About this exercise |
Give the records again exactly, but drop the pictures.

Information shown |
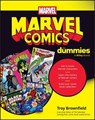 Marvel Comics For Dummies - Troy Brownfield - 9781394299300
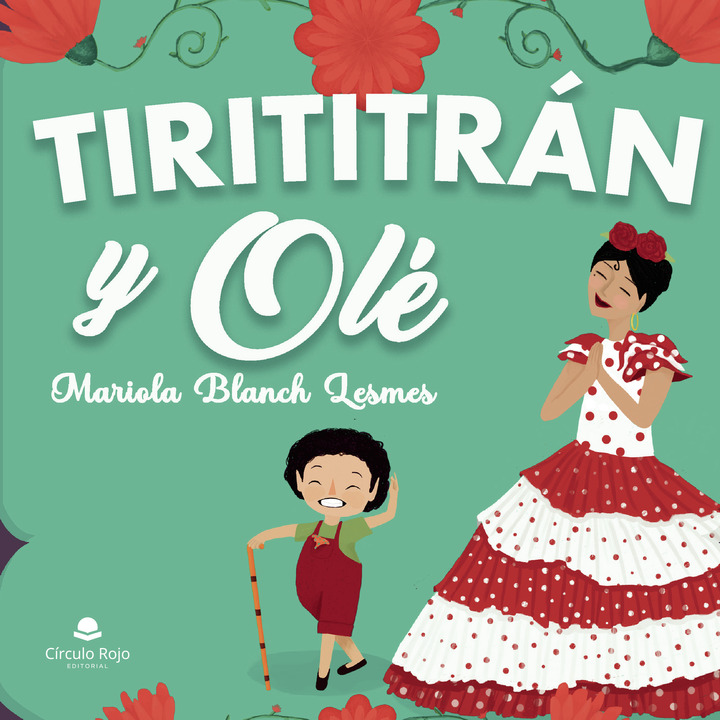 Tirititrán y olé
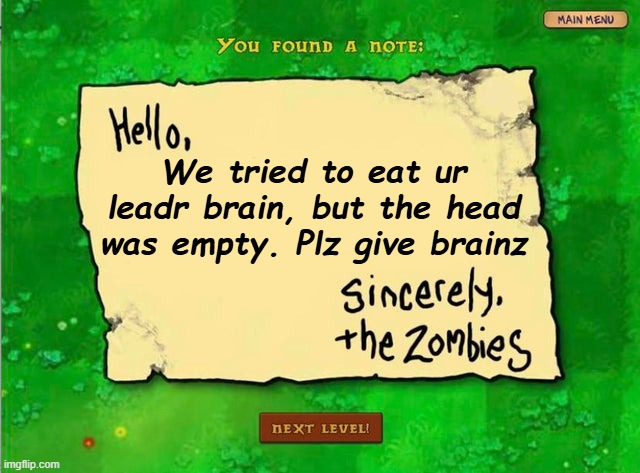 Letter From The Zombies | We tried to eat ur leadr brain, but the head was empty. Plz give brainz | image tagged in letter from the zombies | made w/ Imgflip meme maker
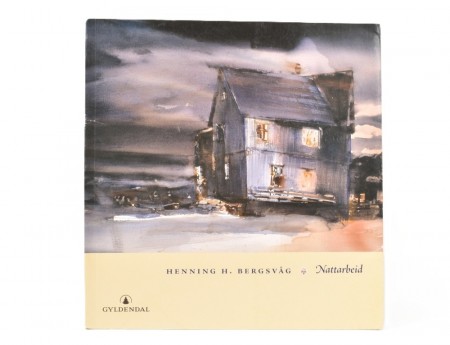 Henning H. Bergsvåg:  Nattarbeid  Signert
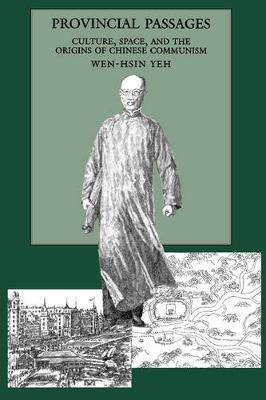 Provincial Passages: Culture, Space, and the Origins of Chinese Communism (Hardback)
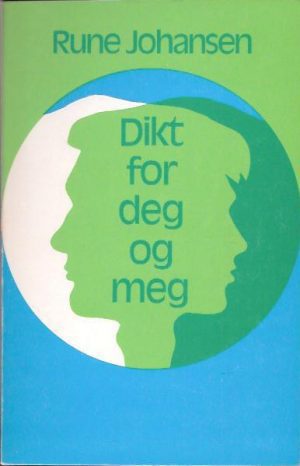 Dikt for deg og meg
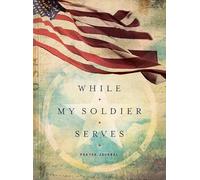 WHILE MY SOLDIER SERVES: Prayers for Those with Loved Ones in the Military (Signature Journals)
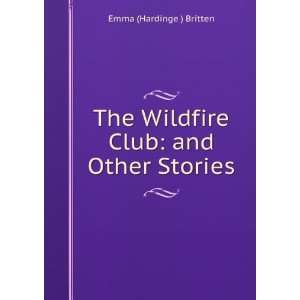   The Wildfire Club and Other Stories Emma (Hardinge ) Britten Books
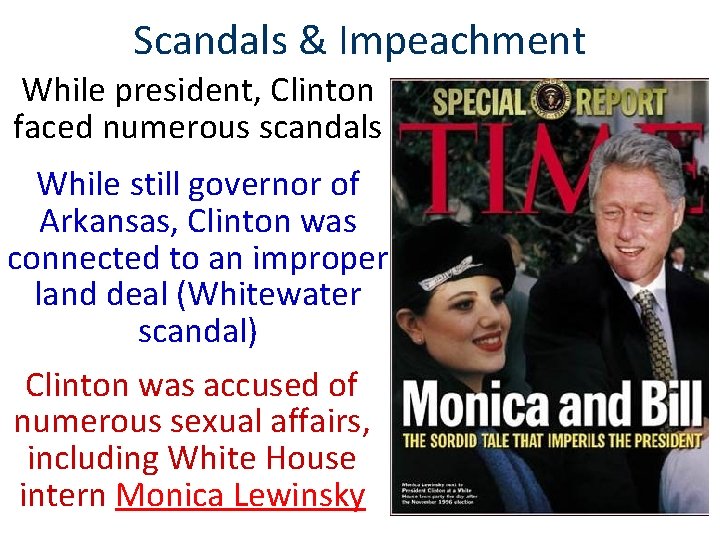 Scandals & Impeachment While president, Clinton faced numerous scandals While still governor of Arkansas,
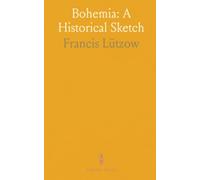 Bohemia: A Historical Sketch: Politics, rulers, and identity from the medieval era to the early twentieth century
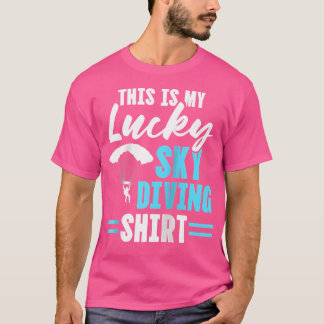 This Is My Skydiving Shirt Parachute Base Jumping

Output of the task |
 Marvel Comics For Dummies - Troy Brownfield - 9781394299300
 Tirititrán y olé
 Letter From The Zombies | We tried to eat ur leadr brain, but the head was empty. Plz give brainz | image tagged in letter from the zombies | made w/ Imgflip meme maker
 Henning H. Bergsvåg:  Nattarbeid  Signert
 Provincial Passages: Culture, Space, and the Origins of Chinese Communism (Hardback)
 Dikt for deg og meg
 WHILE MY SOLDIER SERVES: Prayers for Those with Loved Ones in the Military (Signature Journals)
   The Wildfire Club and Other Stories Emma (Hardinge ) Britten Books
 Scandals & Impeachment While president, Clinton faced numerous scandals While still governor of Arkansas,
 Bohemia: A Historical Sketch: Politics, rulers, and identity from the medieval era to the early twentieth century
 This Is My Skydiving Shirt Parachute Base Jumping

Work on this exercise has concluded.